Analizzando i dati dei pazienti disponibili pubblicamente da tutto il mondo, il gruppo di ricercatori ha scoperto una forte correlazione tra i livelli di vitamina D e la tempesta di citochine ovvero la condizione iperinfiammatoria causata da un sistema immunitario iperattivo, nonché una correlazione tra carenza di vitamina D e mortalità.
“La tempesta di citochine può danneggiare gravemente i polmoni e portare alla sindrome da distress respiratorio acuto e alla morte nei pazienti – ha aggiunto Ali Daneshkhah, ricercatore post-dottorato presso il laboratorio di Backman, principale autore dello Studio – Questa sembra essere la causa principale della morte dei pazienti da COVID-19, non già la distruzione dei polmoni da parte del virus. Sono le complicazioni dovute all’abnorme reazione immunitaria”.
In questo quadro Backman ritiene che la vitamina D abbia un ruolo importante, non solo perché questa vitamina migliora il sistema immunitario, ma gli impedisce anche di diventare pericolosamente iperattivo. Ciò significa che avere livelli sani di vitamina D potrebbe proteggere i pazienti da gravi complicanze, compresa la morte, da Covid-19.
“La nostra analisi indica che livelli adeguati di vitamina D sarebbero in grado di ridurre della metà il tasso di mortalità – ha aggiunto Backman – Non impedirà ad un paziente di contrarre il virus, ma può ridurre le complicanze e prevenire la morte di coloro che ne sono stati infettati”.
Backman ha affermato che questa correlazione potrebbe aiutare a spiegare i molti misteri che circondano il Covid-19, tra cui, per esempio, perché i bambini hanno meno probabilità di morire. Non avendo ancora un sistema immunitario completamente sviluppato, i bambini hanno minori probabilità che questa reagisca in modo eccessivo e questo potrebbe spiegare perché il loro tasso di mortalità è inferiore.
Backman avverte che le persone non dovrebbero assumere dosi eccessive di vitamina D, che potrebbero determinare effetti collaterali negativi. C’è bisogno di ulteriori ricerche per sapere come la vitamina D possa essere utilizzata nel modo più efficace per proteggere dalle complicazioni di Covid-19.

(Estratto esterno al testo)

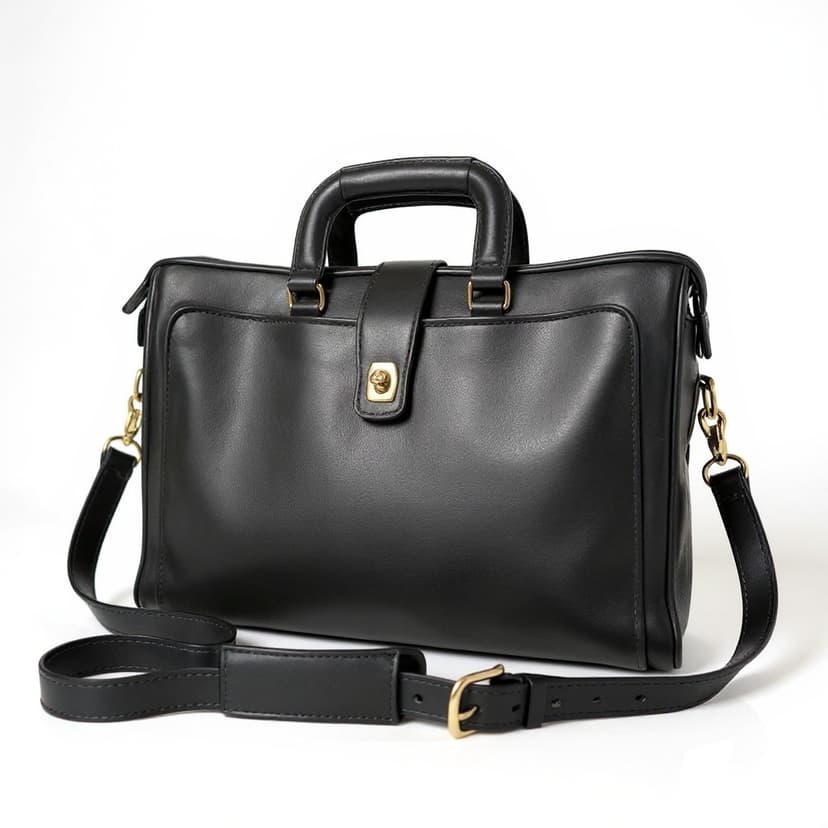 Vintage Coach Phelps Brief leather Briefcase, Style 5291, 1997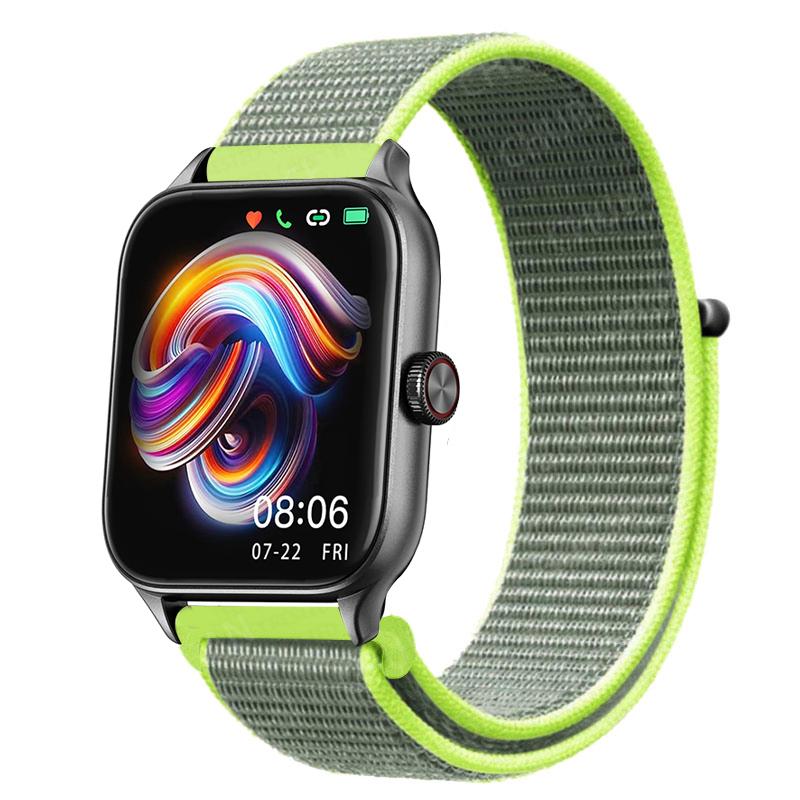 20mm 22mm Nylon Bandje voor Amazfit Balance 2 1/GTR 4 3 Pro 47mm/Bip 6 5 Sport Horlogeband Correa voor Amazfit Active 2/GTS 4 3 Riem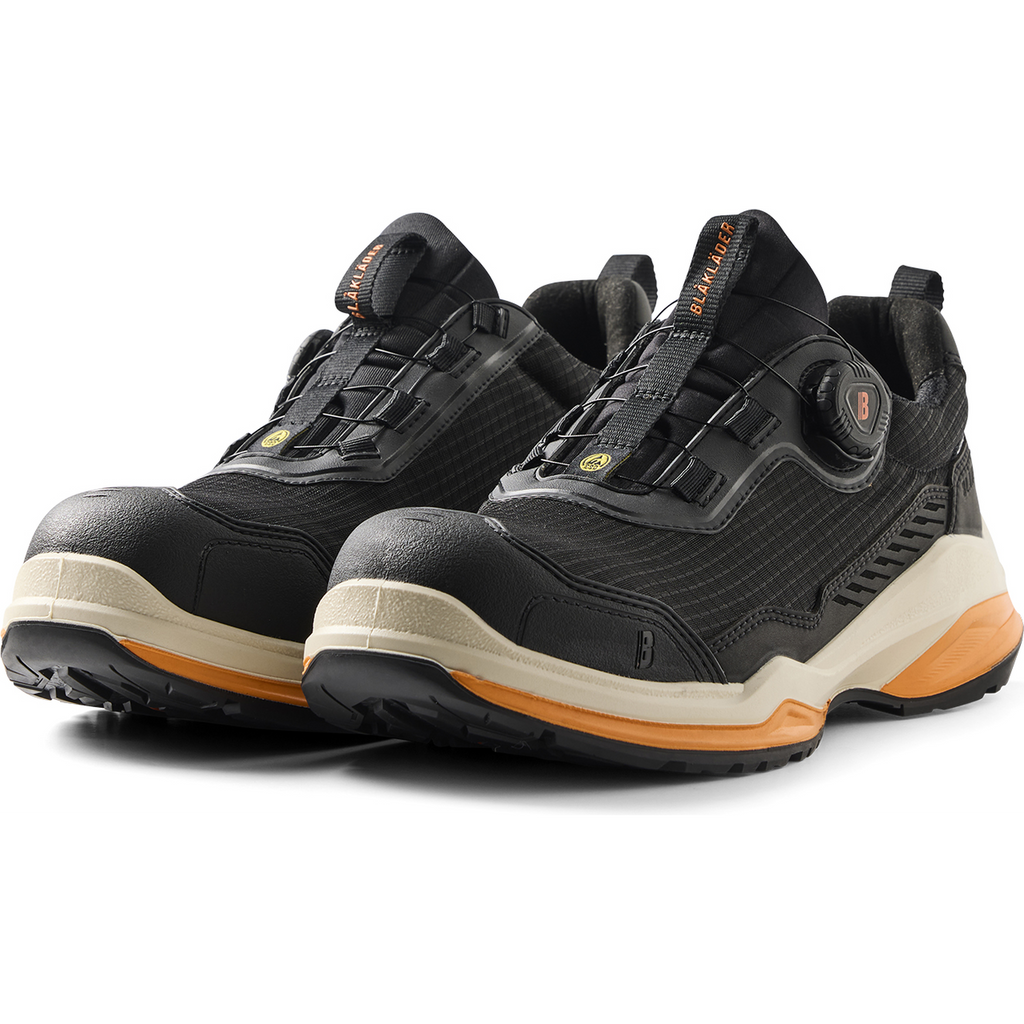 Blaklader STRIKER Safety Shoe S7S Waterproof, Black/Rust (3)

“È difficile dire quale dose sia più vantaggiosa per contrastare gli effetti del Covid-19 – ha concluso Backman –Tuttavia, è chiaro che la carenza di vitamina D è dannosa e può essere facilmente risolta con un’adeguata integrazione. Questa potrebbe essere un’altra chiave per aiutare a proteggere le popolazioni vulnerabili, come i pazienti afro-americani e gli anziani, che soffrono della carenza di vitamina D“.
Questo studio corrobora l’importanza di trascorrere parte della giornata all’aria aperta e alla luce solare, visto che l’ipovitaminosi D non può essere contrastata con la dieta alimentare, anche se l’Agenzia Italiana del Farmaco (AIFA) non esclude una supplementazione di vitamina D in determinati casi, e che altri studi hanno evidenziato come la luce solare sia in grado di far decadere la virulenza del SARS-CoV-19 e le proprietà sterilizzanti delle radiazioni ultraviolette.